Exercise description: Make an exact copy of all the entries below, with the pictures left out.

Data extracts:

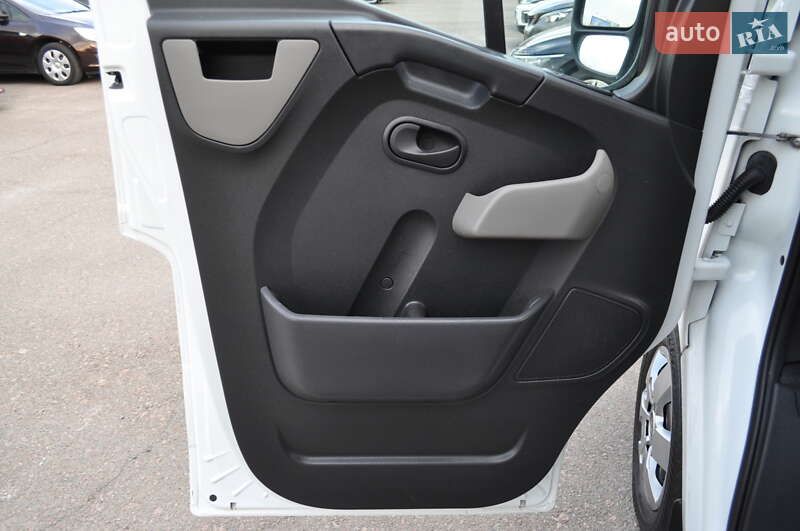 Микроавтобус Renault Master 2017 в Киеве фото 56 Микроавтобус Renault Master 2017 в Киеве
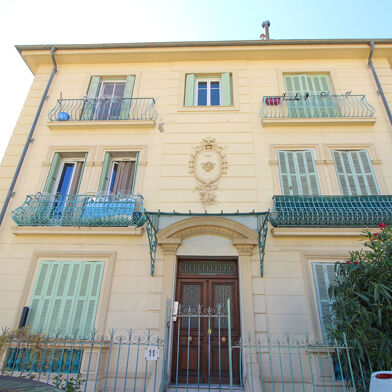 Immeuble  1180000 €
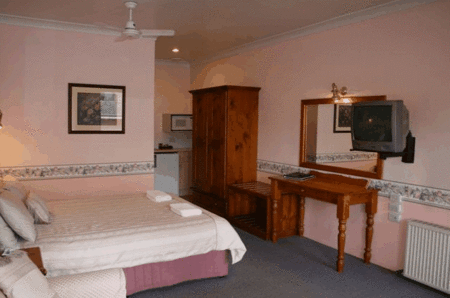 New England Motor Inn - Accommodation Directory 1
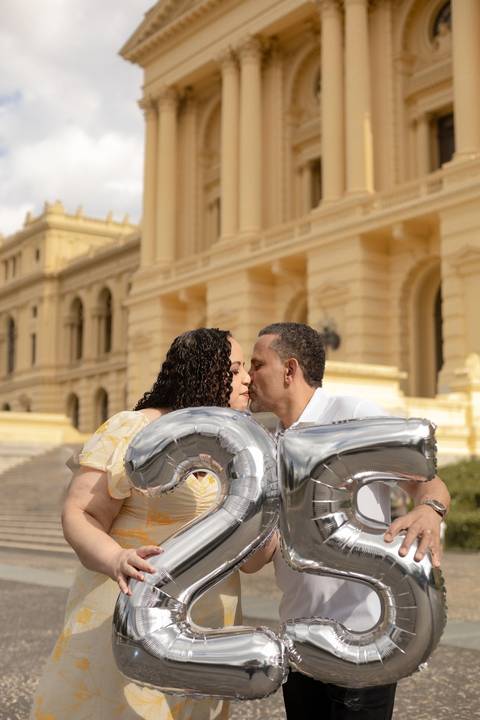 As melhores ideias e inspirações criativas de fotos de ensaio de Bodas de 25 anos registradas por fotógrafos profissionais de eventos da empresa Criativus Foto e Vídeo no Museu do Ipiranga'
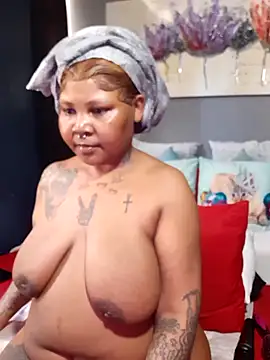PearlSexxy69 online show from February 2025 12:25:02 PM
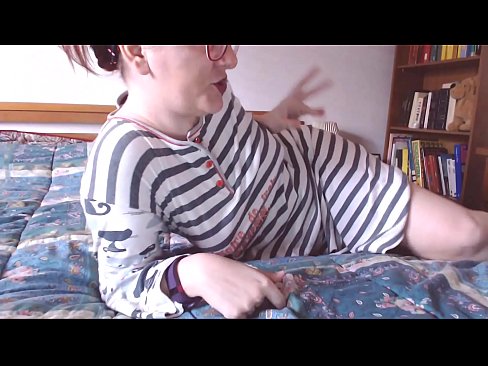 ❤️ Og'zingizga bu katta qora xo'rozni oling kichik qul Super pornoda bizda ❌❤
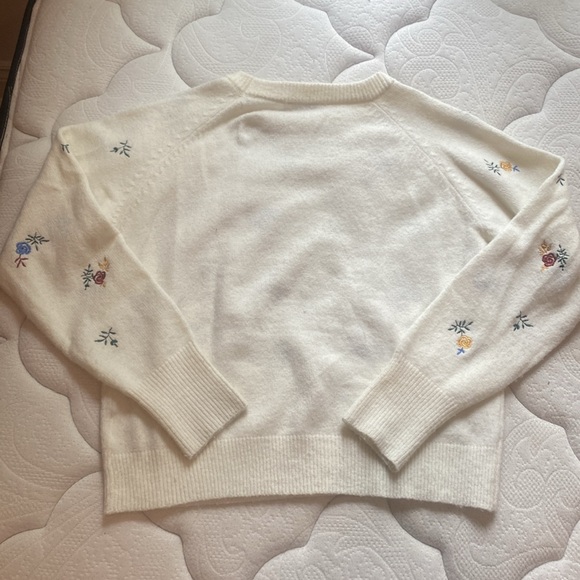 Simple Retro Melody Floral Embroidery Raglan Sleeve Sweater - Picture 6 of 6
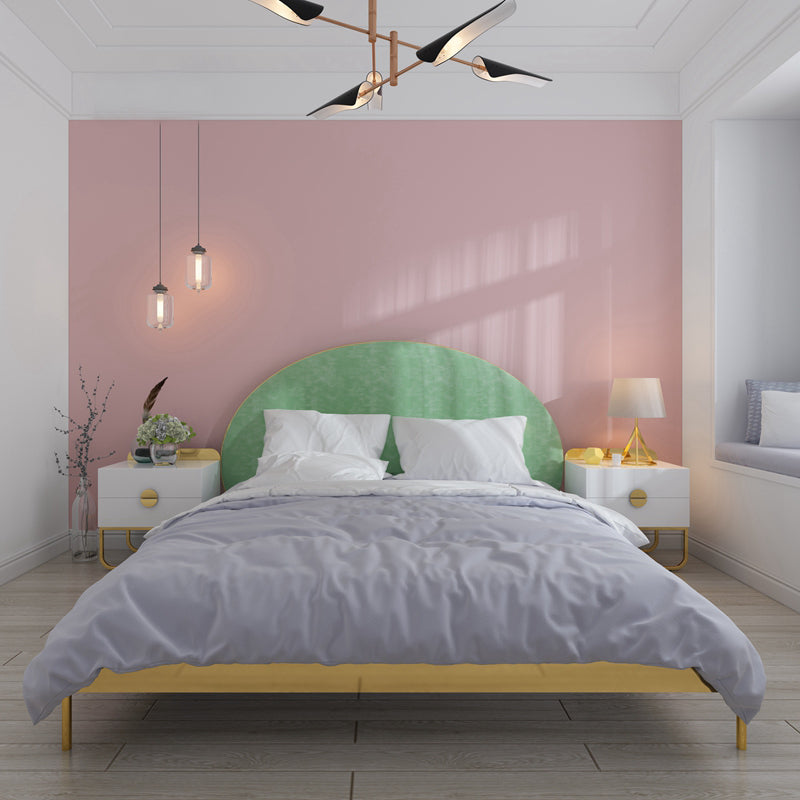 Marco de lecho de metal glamoroso y tapizado con cabecera tapizada arqueada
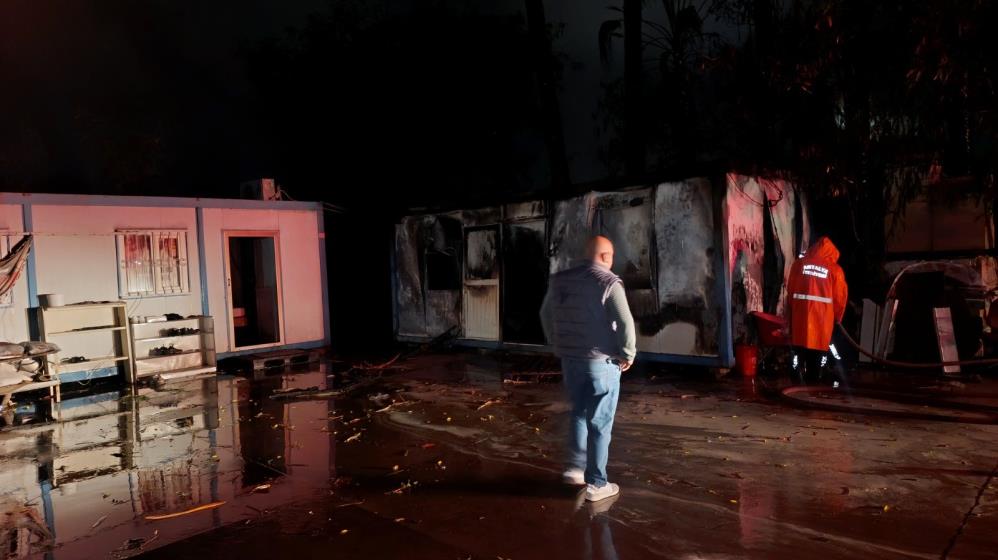 Manavgattayıldırımyangınıkonteynerikulecevirdi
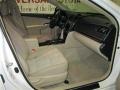 Super White - Camry XLE Photo No. 17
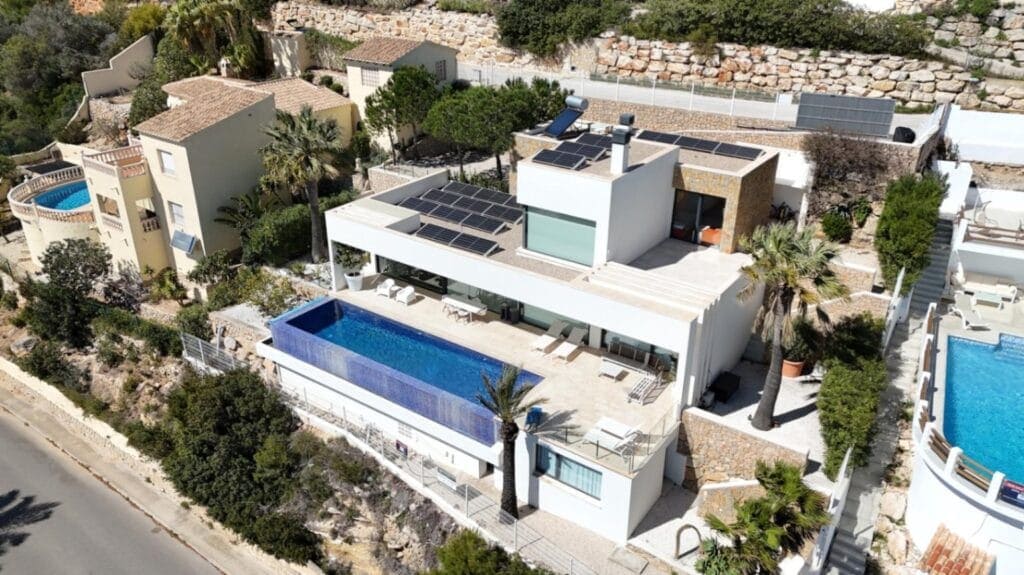 Chalet de 4 habitaciones en Moraira en venta con piscina - 2.350.000 € (Ref: 9198676)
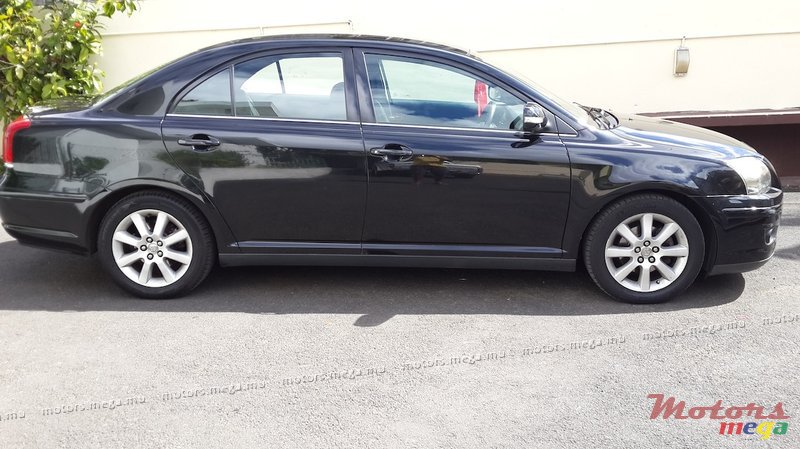 2007' Toyota Avensis photo #1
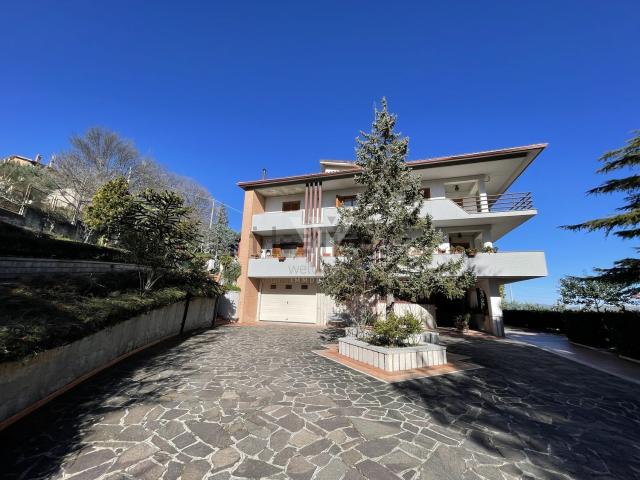Case e ville in vendita di 700 m² in Contrada fossato cupo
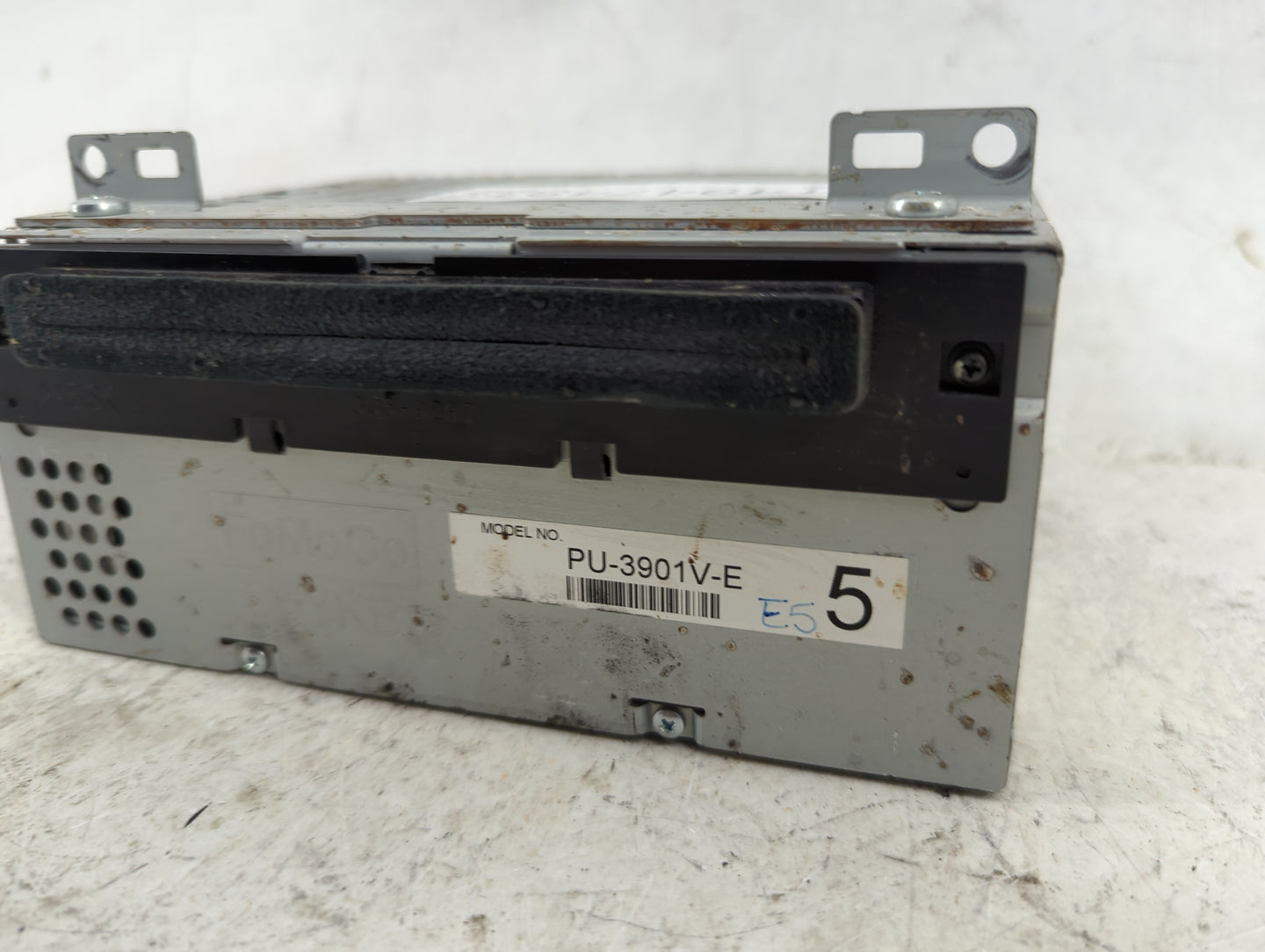 2016 Ford Transit 350 Radio AM FM Cd Player Receiver Replacement P/N:PU-3901V-E 335-9297 Fits Fits 2017 OEM Used Auto Parts 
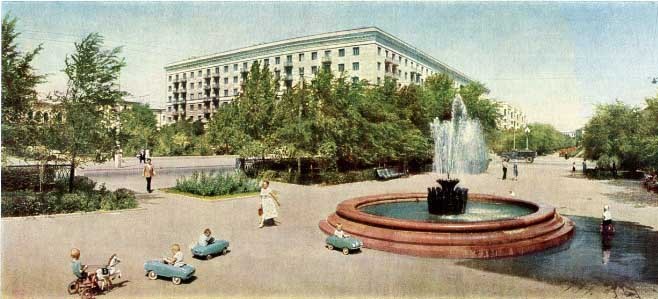 Mer trampbilar på vift, bilden är från Volgograd 1965, staden som tidigare var känd som Stalingrad.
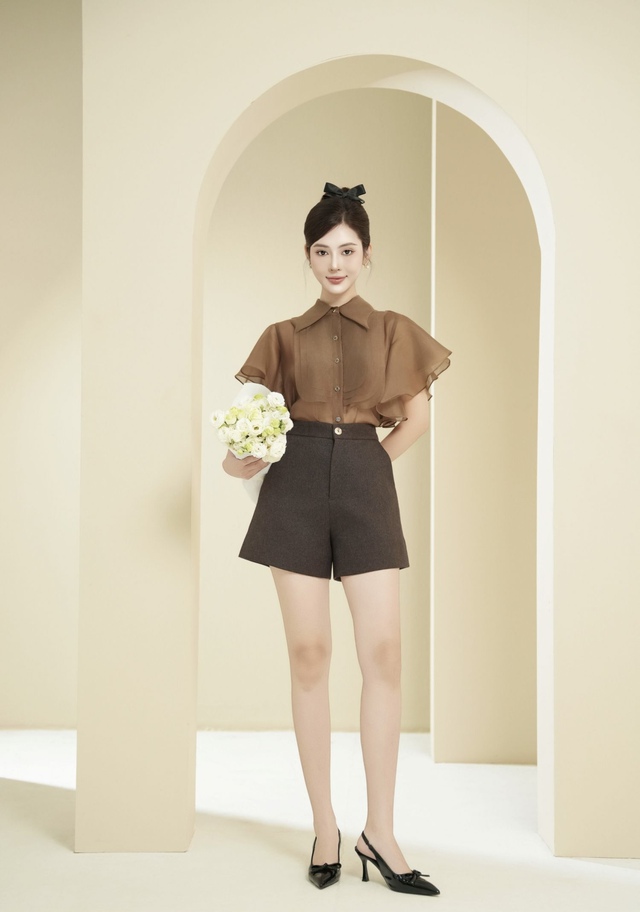 Biến trang phục đơn điệu trở nên dịu dàng nhờ áo cánh tiên- Ảnh 3. Biến trang phục đơn điệu trở nên dịu dàng nhờ áo cánh tiên- Ảnh 3.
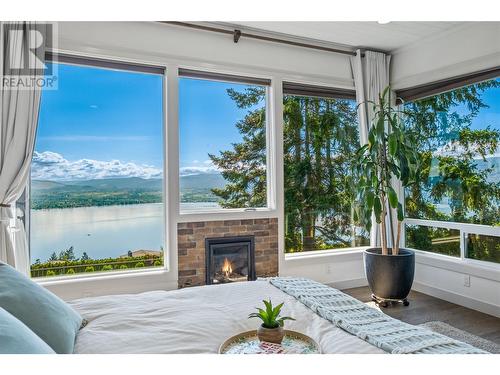 2740 Lakeview Road, West Kelowna, BC - Indoor Photo Showing Bedroom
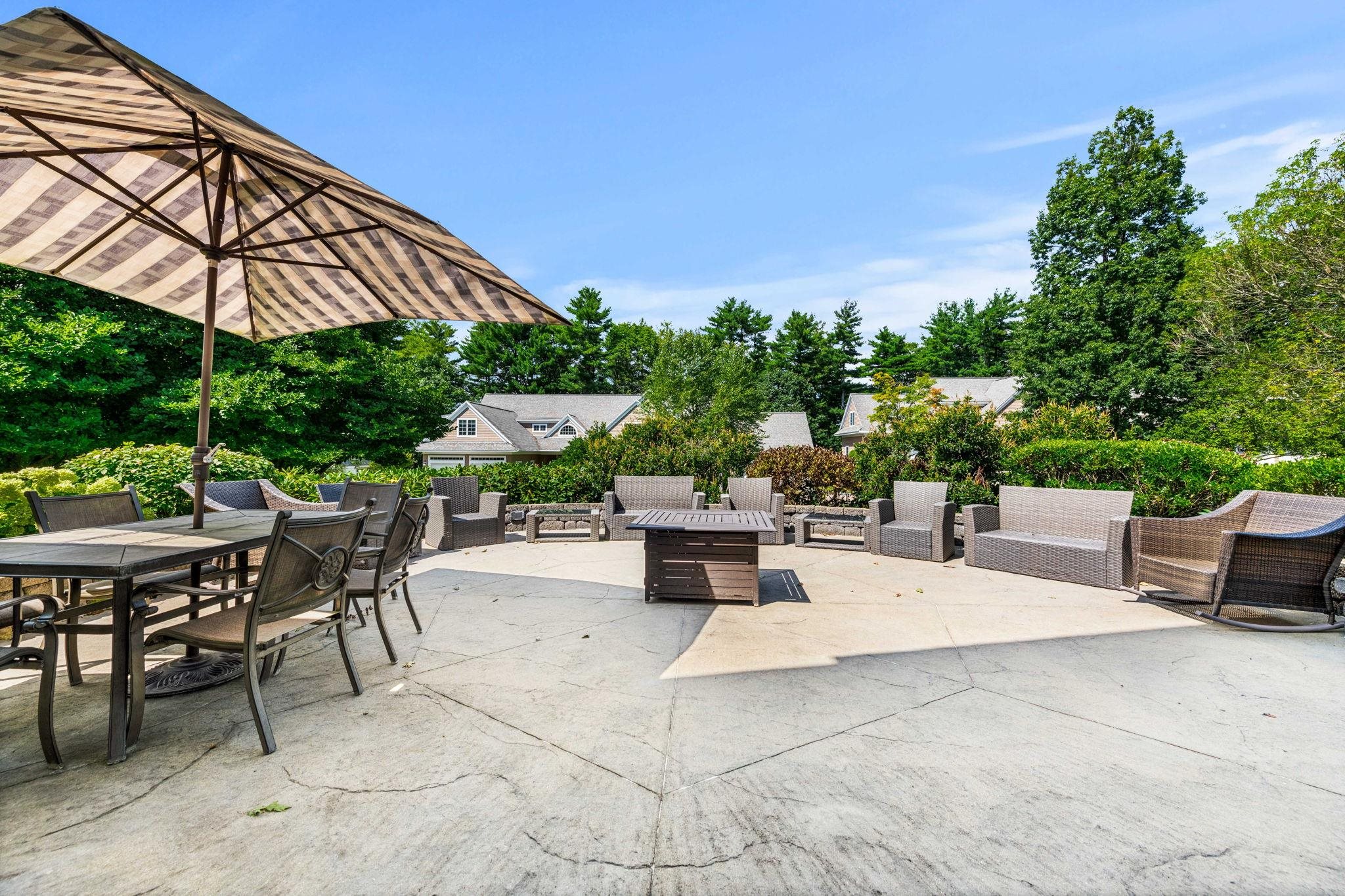 100 Shepards Cove Road Unit: G-203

Output:
 Микроавтобус Renault Master 2017 в Киеве фото 56 Микроавтобус Renault Master 2017 в Киеве
 Immeuble  1180000 €
 New England Motor Inn - Accommodation Directory 1
 As melhores ideias e inspirações criativas de fotos de ensaio de Bodas de 25 anos registradas por fotógrafos profissionais de eventos da empresa Criativus Foto e Vídeo no Museu do Ipiranga'
PearlSexxy69 online show from February 2025 12:25:02 PM
 ❤️ Og'zingizga bu katta qora xo'rozni oling kichik qul Super pornoda bizda ❌❤
 Simple Retro Melody Floral Embroidery Raglan Sleeve Sweater - Picture 6 of 6
 Marco de lecho de metal glamoroso y tapizado con cabecera tapizada arqueada
 Manavgattayıldırımyangınıkonteynerikulecevirdi
 Super White - Camry XLE Photo No. 17
 Chalet de 4 habitaciones en Moraira en venta con piscina - 2.350.000 € (Ref: 9198676)
 2007' Toyota Avensis photo #1
Case e ville in vendita di 700 m² in Contrada fossato cupo
 2016 Ford Transit 350 Radio AM FM Cd Player Receiver Replacement P/N:PU-3901V-E 335-9297 Fits Fits 2017 OEM Used Auto Parts 
 Mer trampbilar på vift, bilden är från Volgograd 1965, staden som tidigare var känd som Stalingrad.
 Biến trang phục đơn điệu trở nên dịu dàng nhờ áo cánh tiên- Ảnh 3. Biến trang phục đơn điệu trở nên dịu dàng nhờ áo cánh tiên- Ảnh 3.
 2740 Lakeview Road, West Kelowna, BC - Indoor Photo Showing Bedroom
 100 Shepards Cove Road Unit: G-203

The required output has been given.